### Exercise
Print, please, exactly the lines from the one with "We type in: sudo" through the final line of the data below, with both ends included and the pictures left out.

== Provided information ==

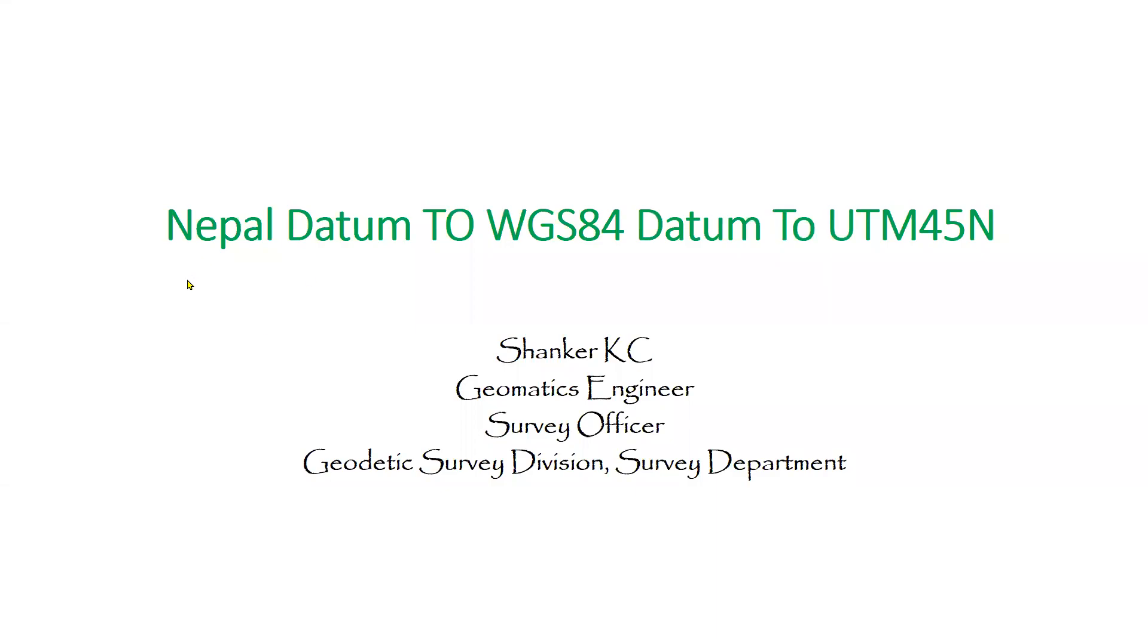Okay, in this demonstration I will transform coordinates based in Nepal datum to WGS84 datum and project that point into UTM45N projection system.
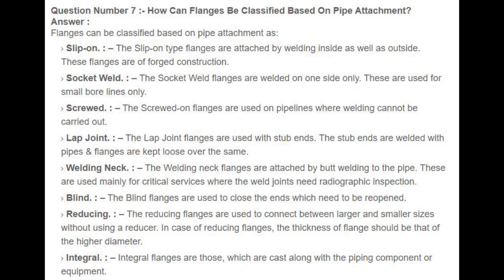Question number 7: How can flanges be classified based on pipe attachment? Answer: Flanges can be classified based on pipe attachment as: Slip on — attached by welding inside as well as outside, these flanges are of forged construction. Socket weld — welded on one side only, used for small bore lines only. Screwed — used on pipe lines where welding cannot be carried out. Lap joint — used with stub ends; the stub ends are welded with pipes and flanges are kept loose over the same.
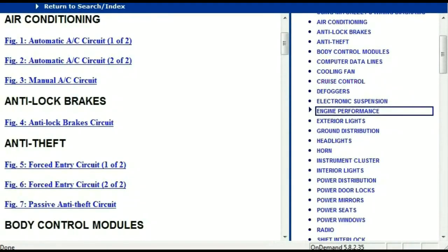So once the document is landed in your hands, it's going to look like this. It has got different chapters, and those chapters are different units within the vehicle which have got electrical circuits. For example, the air conditioner is a chapter on its own, which has got circuit diagrams for the air conditioner — the automatic and the manual.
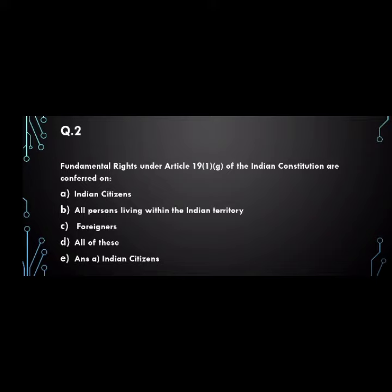The second question: fundamental rights under Article 19(1)(g) of the constitution are conferred on — A. Indian citizens, B. all persons living within the Indian territory, C. foreigners, D. all of these. And the answer is A. Indian citizens.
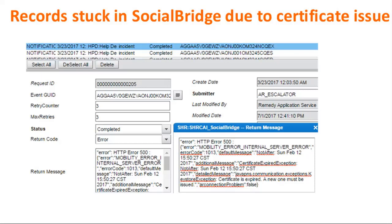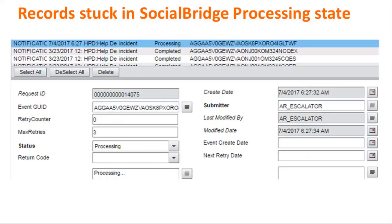Here are screenshots of the Social Bridge form when records get stuck. One screenshot shows records getting stuck because of an expired certificate — you need to make sure you have the right certificate. Another screenshot shows records getting stuck in a processing state, perhaps because the escalation thread died. You can process these records again by putting them back into a state to reprocess and then getting them cleared out.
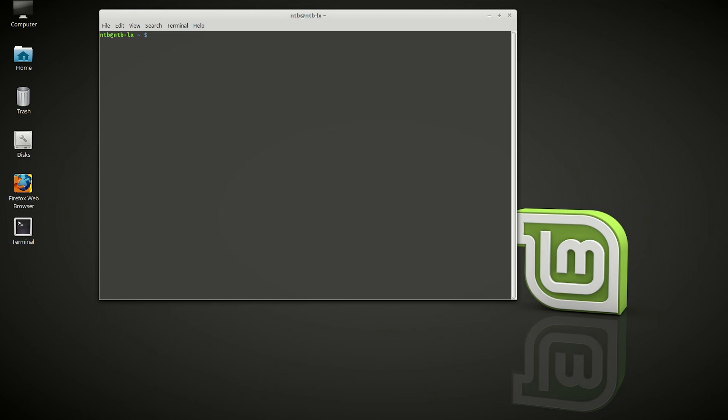We type in: sudo apt-get install exfat-utils exfat-fuse.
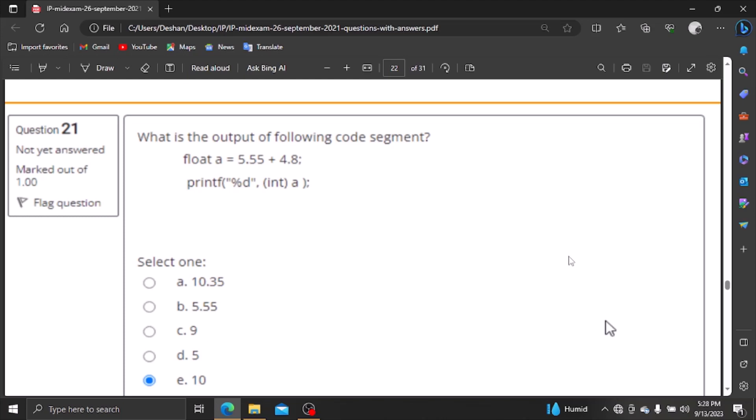Hello everyone, welcome to the mid-exam because of the video series.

===

### Result below
We type in: sudo apt-get install exfat-utils exfat-fuse.
Hello everyone, welcome to the mid-exam because of the video series.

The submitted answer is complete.